Does anyone know why if i put a printf just before a delay it waits until the delay is finished before it prints de message?

Code1 with sleep():

int main (void)
{
    printf ("hi world");
    system("sleep 3");    
}

Code2 with a self implemented delay:

void delay(float sec)
{
    time_t start;
    time_t current;
    time(&start);
    do{
        time(&current);
    }while(difftime(current,start) < sec);
}
int main (void)
{
    printf ("hi world");
    delay(3);    
}

And if:

printf ("hi world");
delay(3);    
printf ("hi world");
delay(3);    

it waits until the sum of sleeps and then it prints the messages at the same time

Why does this happen?

UPDATE: I writed delay("sleep 3") when i called delay, i meant delay(3). Corrected

Upvotes: 6

Views: 5791

Answers (5)

Nick Bedford
Nick Bedford

Reputation: 4435

Technically that shouldn't even compile. In the delay("sleep 3") call you're trying to convert a const char * to a float.
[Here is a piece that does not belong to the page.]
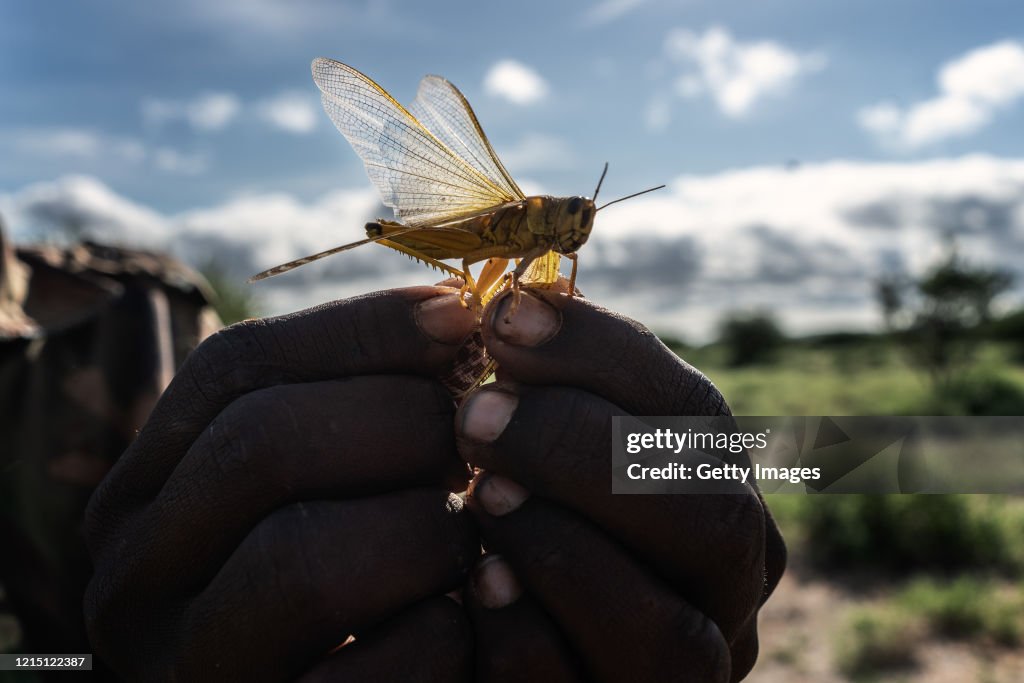 East Africa Experiences Worst Locust Swarms In Decades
It should be:

void delay (float sec)
{
    // ...
}

delay(3);

Upvotes: -1

Roland Rabien
Roland Rabien

Reputation: 8836

printf buffers it's output until a newline is output.

Add a fflush(stdout); to flush the buffers on demand.

Upvotes: 21

Tordek
Tordek

Reputation: 10872

When you call printf, you don't print anything until really necessary: until either the buffer fulls up, or you add a new line. Or you explicitly flush it.

So, you can either do

printf("Something\n");
delay();

or

printf("Something");
fflush(stdout);
delay();

Upvotes: 1

Greg Hewgill
Greg Hewgill

Reputation: 992937

Normally, standard output is buffered until you either:

  • output a \n character
  • call fflush(stdout)

Do one of these things before calling delay() and you should see your output.

Upvotes: 8

Ben
Ben

Reputation: 7608

the standard output is not flush until you output a '\n' char.